#### Source material:
-- Opening Marker --

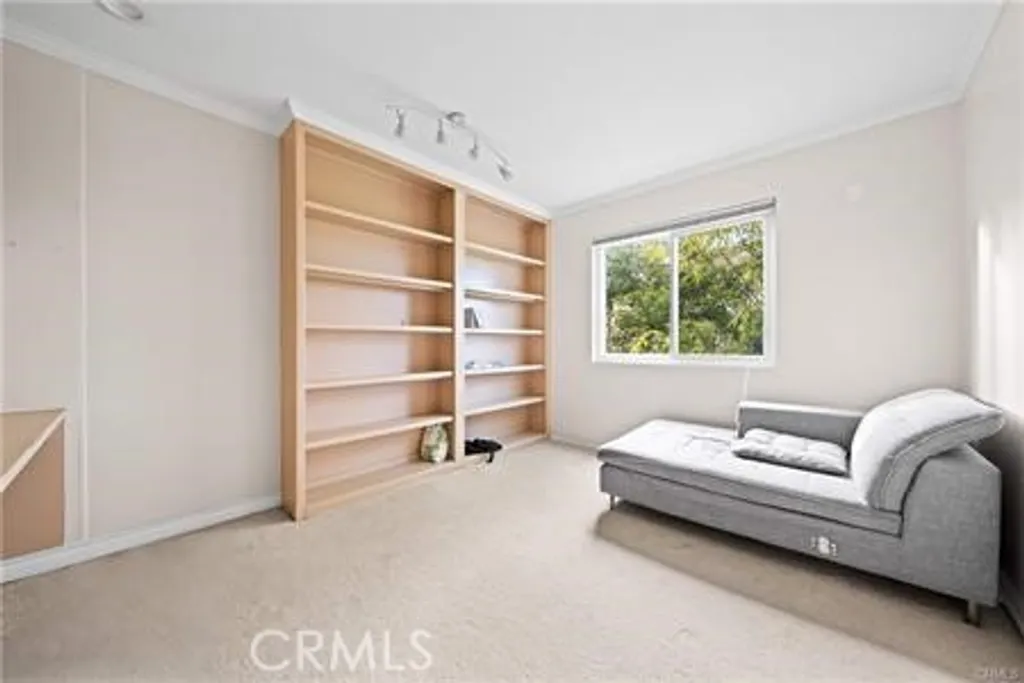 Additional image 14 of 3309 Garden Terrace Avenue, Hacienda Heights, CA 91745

-- Closing Marker --
-- Opening Marker --

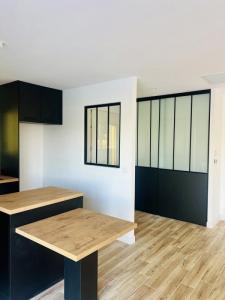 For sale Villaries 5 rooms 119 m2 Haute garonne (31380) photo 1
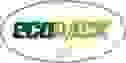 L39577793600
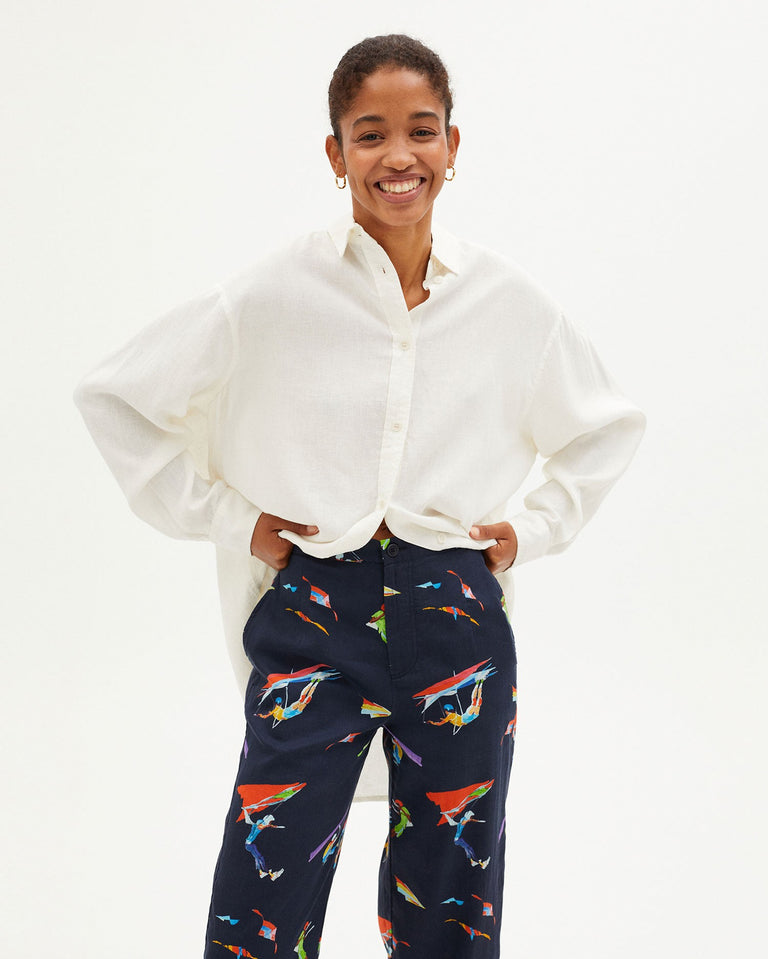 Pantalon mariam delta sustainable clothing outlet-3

-- Closing Marker --
-- Opening Marker --

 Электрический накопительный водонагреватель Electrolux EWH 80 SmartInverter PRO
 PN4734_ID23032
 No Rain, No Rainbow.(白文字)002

-- Closing Marker --

#### What you have to do:
Out of the records above, return only the lines from the one with "For sale Villaries" through the one with "Pantalon mariam delta", exactly, and none of the pictures.

#### Task response:
 For sale Villaries 5 rooms 119 m2 Haute garonne (31380) photo 1
 L39577793600
 Pantalon mariam delta sustainable clothing outlet-3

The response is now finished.